Friday, January 25, 2008
I left the "Ad Lib Club" that night with a changed mind about the current crisis I was living in. Even though I'd lost my connection with Andrew Oldham, it was now immediately evident that there was, and would be, interest in me as an artist in London. I felt a bit more at ease, but vowed to stay on the job until I accomplished my task, which was to secure a new deal with a new company.
I knew "The Pretty Things" people were serious, and looking back on it now that's where I should have gone. But where I was in my mind back then was scared. I think at the time I thought I needed people who appeared more prominent, and that's what I continued looking for until I found it. Once again it turned out to be the wrong move.
"The Pretty Things" and their people were down to earth and straight forward. I incorrectly assumed that to be a negative back then. I don't know why, but if I'm honest about it I was just wrong about them and have always regretted it. I foolishly believed that people in expensive suits were somehow better than ones who didn't dress up to do business. It probably had to do with the appearance of money, and since I didn't have any I wanted to be around what I thought were people who did. I was very insecure and it showed itself in many different ways now that I look back on it.

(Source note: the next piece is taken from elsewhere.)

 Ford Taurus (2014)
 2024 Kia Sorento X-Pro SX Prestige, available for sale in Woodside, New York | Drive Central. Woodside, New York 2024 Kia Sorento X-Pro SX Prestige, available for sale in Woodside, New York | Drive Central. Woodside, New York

Be that as it may, I was finally introduced, probably at the "Ad Lib Club," to a group of English businessmen who all wore 3 piece suits and ties and talked all that high class bullshit I was searching for. Chris Peers and Harry, I'm sorry I can't remember his last name, represented a new company called Brit Records, which turned out to be the forerunner of Island Records, Chris Blackwell's company. They had a hit with a girl named Millie Small called "My Boy Lollipop" and were out shopping for new artists. I was looking for a new company, so it was a match made in heaven, or so I thought.
They agreed to take me on and pay my rent, and make sure I didn't starve to death. They agreed to give me a small allowance each month so I wouldn't walk around penniless. Now when I say a small allowance that's what I really mean. Probably 60 or 70 dollars a week. I never had any money. I was about to cut my 4th record, for the third company, on two different continents, in less than a year, and I still hadn't made 10 cents. So 60 or 70 dollars a week was like a windfall to me.

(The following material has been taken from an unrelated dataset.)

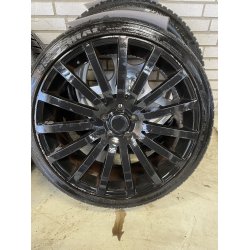 Aluflge 19 Chevrolet cruze 235/35/19 Ref.194 sommerdk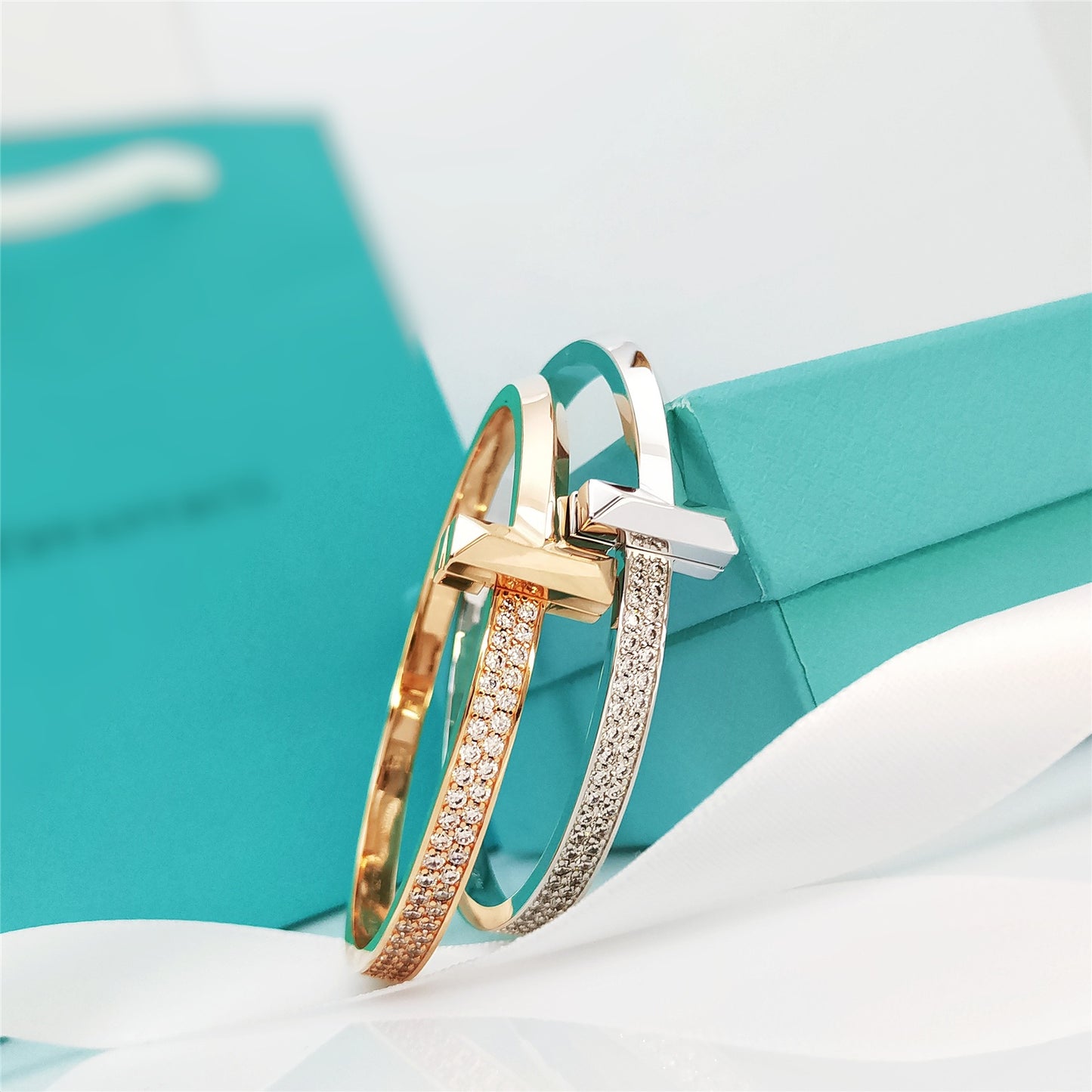 Tiffany-手鍊027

I ended up moving from Belgravia where I was first located, kind of like the Beverly Hills of London, to Knightsbridge. Still nice, just not as nice. I was dating an English girl named Judy Foote who's father was in the House Of Commons, kind of like the House of Representatives here. Anyway, PJ Proby, who was an American from Texas, and a big pop star in England when I got there, introduced me to her and we kept on seeing each other over the next few months. She had a thing for "American Pop Stars" as she called them, and that was her interest in me an "American Pop Star."

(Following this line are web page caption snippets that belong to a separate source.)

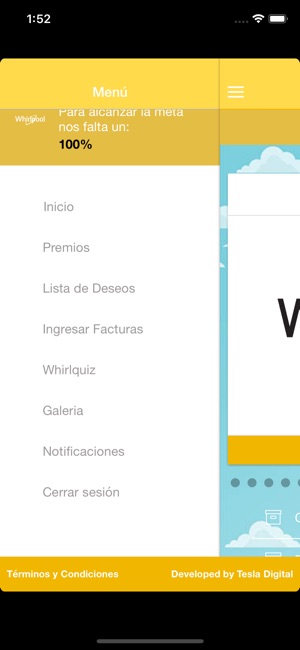 Whirlpool App Guatemala(圖2)-速報App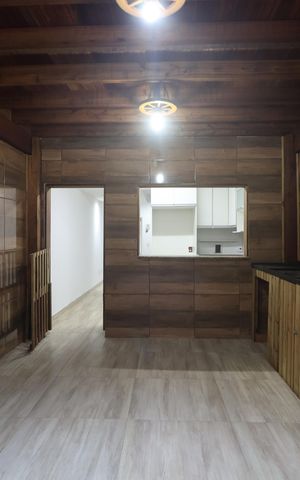 Casa à venda com 105m², 2 quartos e 1 vagaEspaço Gourmet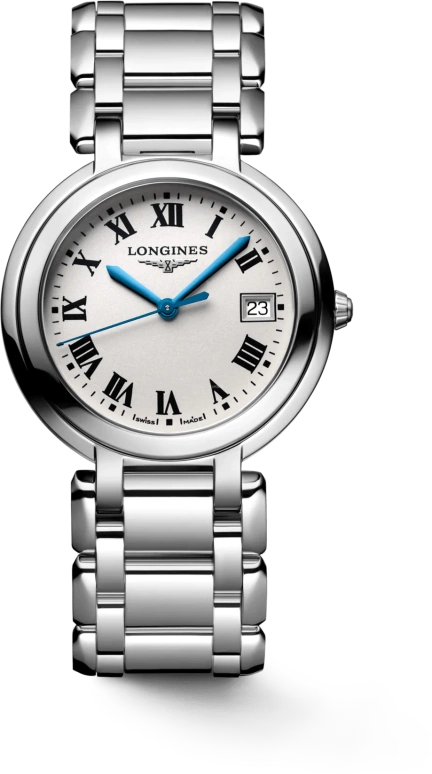 Longines PrimaLuna L8.114.4.71.6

As I settled into my new surroundings the story of the "glove" just kept getting bigger and bigger. It had became part of my new public persona as it were. I'd always thought it was just some stupid thing I'd done for attention, but people liked it and wouldn't let it go. While I was looking to get into a new cycle of creativity, and work on songs that I wanted to record, the English press was more interested in "the glove." But I was determined to make good on my second chance with the British audience.